== Directions for this task ==
Give again, exactly as written, each line of the material below starting at the line that contains "Now this left" and ending at the line that contains "Down at the". Both ends count, and no other line does.

== Information provided ==

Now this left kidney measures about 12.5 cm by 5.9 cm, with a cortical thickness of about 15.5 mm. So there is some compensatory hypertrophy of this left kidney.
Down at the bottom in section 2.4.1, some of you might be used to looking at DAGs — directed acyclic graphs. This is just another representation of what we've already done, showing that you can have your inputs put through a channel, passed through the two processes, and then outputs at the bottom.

==

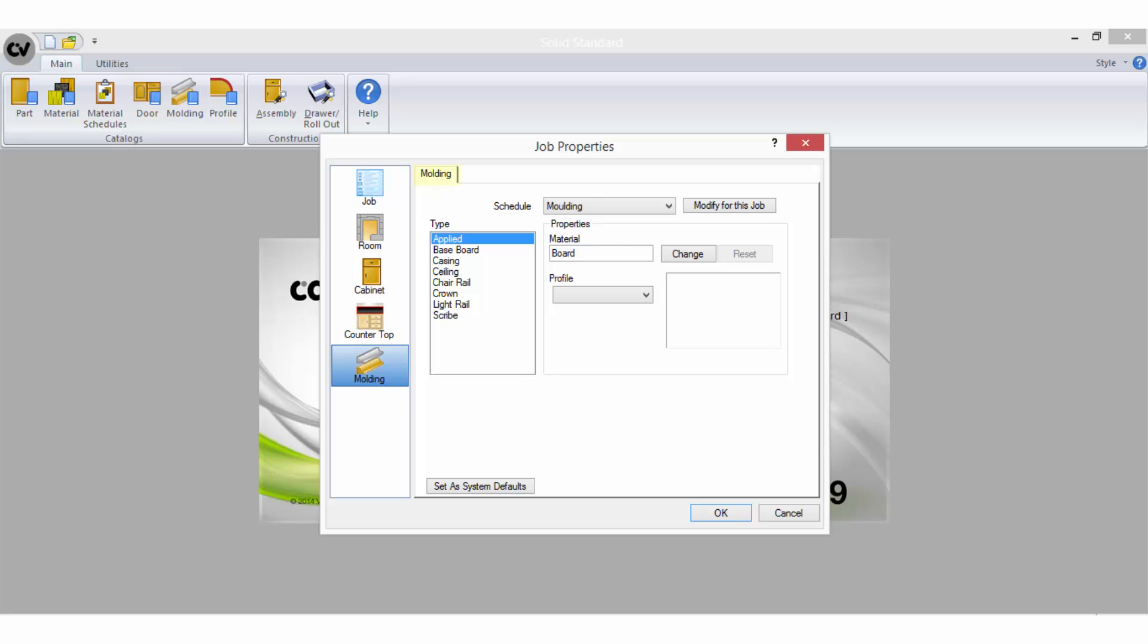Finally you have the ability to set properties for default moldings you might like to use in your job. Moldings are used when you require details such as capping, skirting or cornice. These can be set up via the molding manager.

* * *

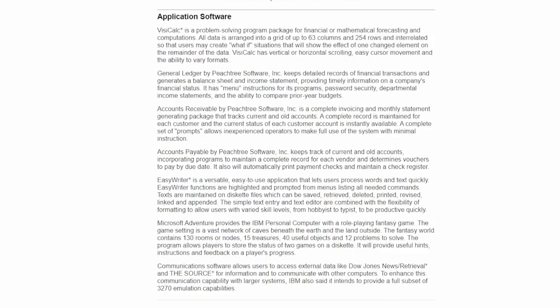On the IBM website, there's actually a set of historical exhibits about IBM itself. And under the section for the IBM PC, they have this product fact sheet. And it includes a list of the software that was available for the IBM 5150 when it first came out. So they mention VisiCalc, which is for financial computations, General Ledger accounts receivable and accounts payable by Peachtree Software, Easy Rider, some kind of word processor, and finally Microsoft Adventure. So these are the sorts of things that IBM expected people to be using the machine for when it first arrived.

== Output below ==
Now this left kidney measures about 12.5 cm by 5.9 cm, with a cortical thickness of about 15.5 mm. So there is some compensatory hypertrophy of this left kidney.
Down at the bottom in section 2.4.1, some of you might be used to looking at DAGs — directed acyclic graphs. This is just another representation of what we've already done, showing that you can have your inputs put through a channel, passed through the two processes, and then outputs at the bottom.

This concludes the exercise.